• Task requirements
With the pictures left out, restate exactly the part below that opens with the line containing "Printivon Crawford Modern" and closes with the line containing "Women's Summer Fashion".

• Material for this task
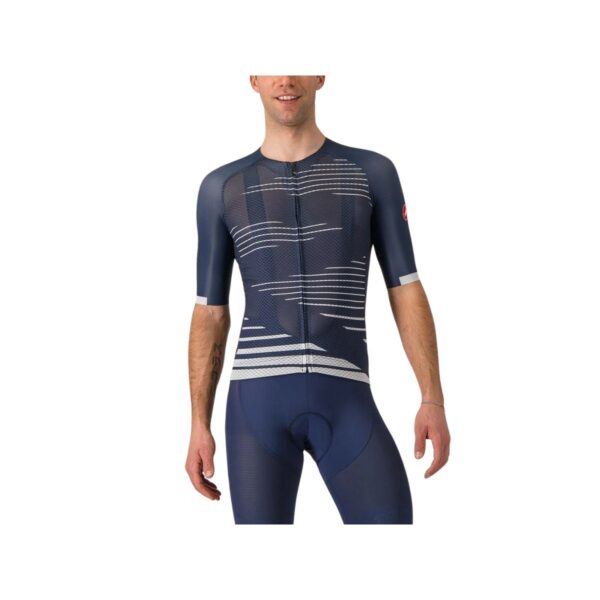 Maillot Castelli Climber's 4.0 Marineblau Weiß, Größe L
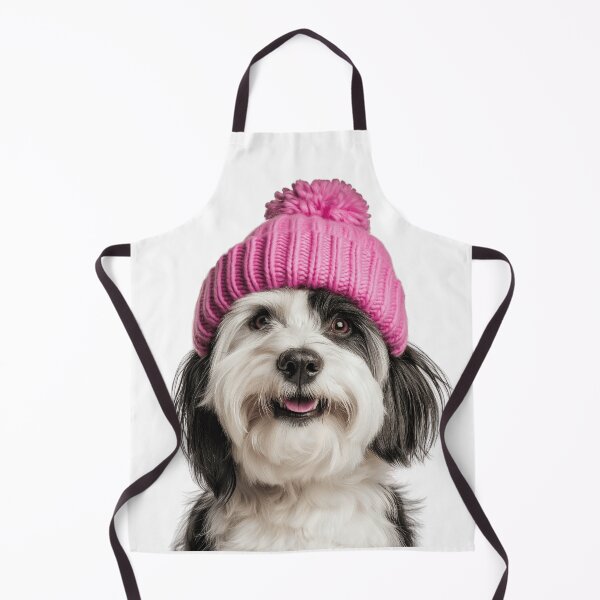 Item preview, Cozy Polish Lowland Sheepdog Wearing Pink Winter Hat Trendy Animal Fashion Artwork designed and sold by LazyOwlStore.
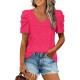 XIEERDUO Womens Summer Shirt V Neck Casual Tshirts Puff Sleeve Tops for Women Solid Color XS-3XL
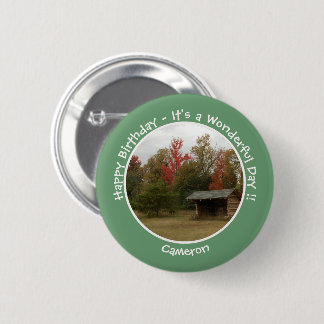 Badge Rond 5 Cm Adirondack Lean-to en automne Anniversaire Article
==
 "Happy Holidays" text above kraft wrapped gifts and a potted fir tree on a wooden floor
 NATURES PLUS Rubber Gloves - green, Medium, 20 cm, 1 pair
...
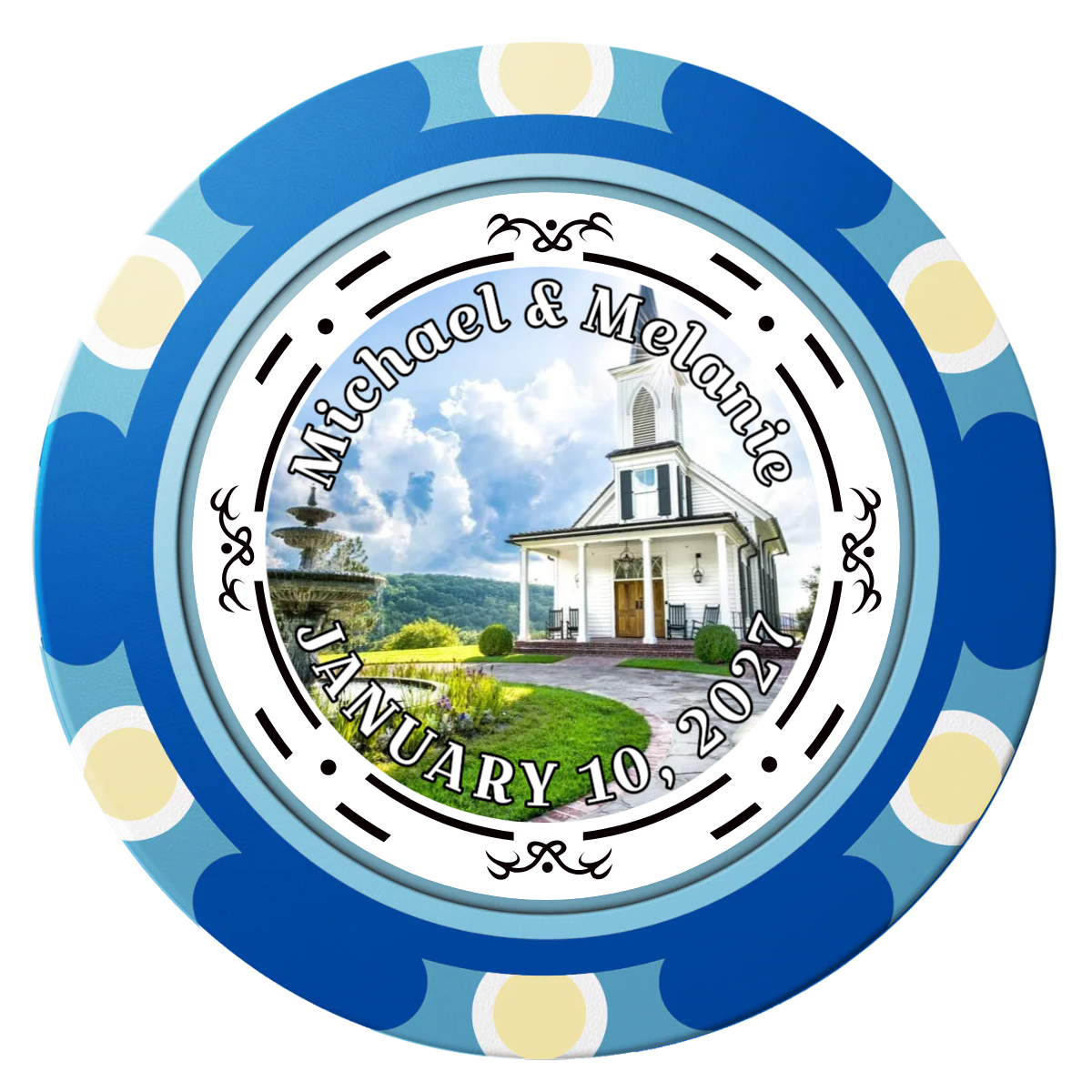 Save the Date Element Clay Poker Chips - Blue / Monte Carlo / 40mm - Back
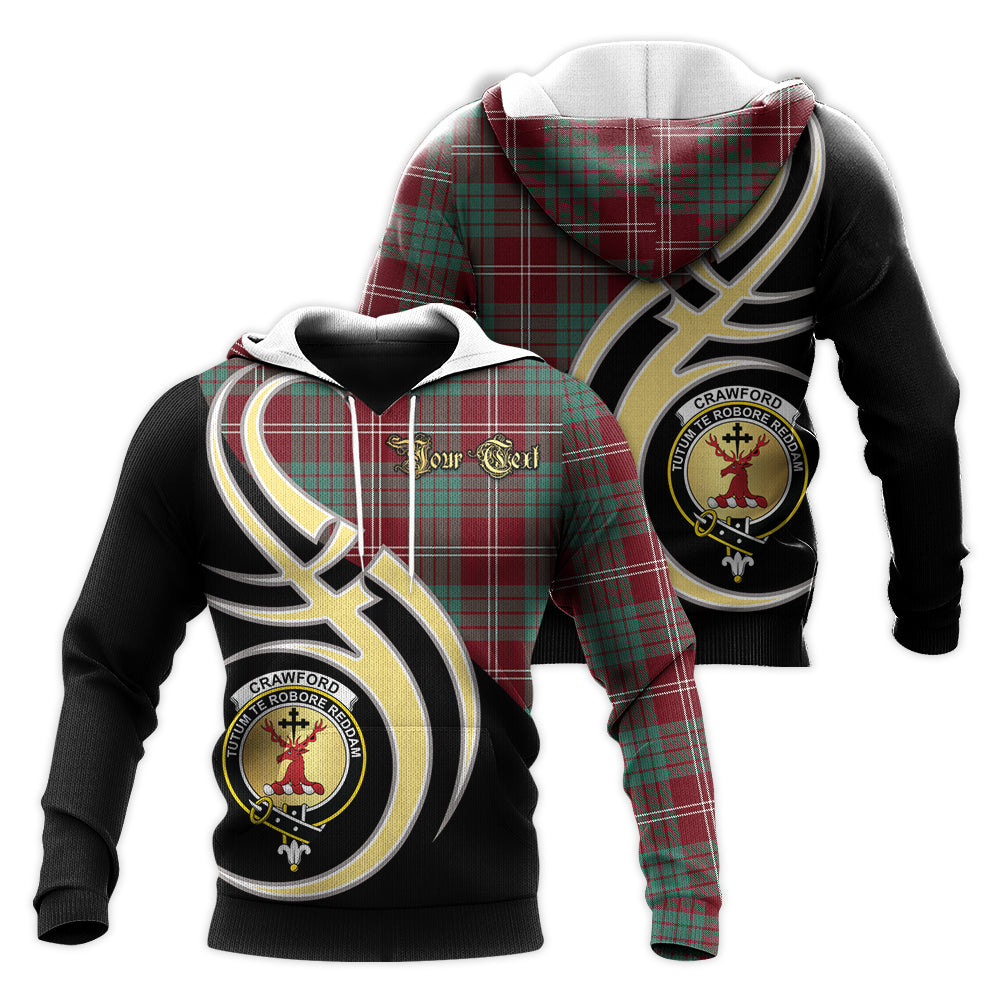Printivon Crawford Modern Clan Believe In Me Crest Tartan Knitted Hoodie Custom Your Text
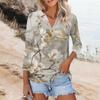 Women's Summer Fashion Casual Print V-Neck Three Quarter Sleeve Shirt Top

• Written answer
Printivon Crawford Modern Clan Believe In Me Crest Tartan Knitted Hoodie Custom Your Text
 Women's Summer Fashion Casual Print V-Neck Three Quarter Sleeve Shirt Top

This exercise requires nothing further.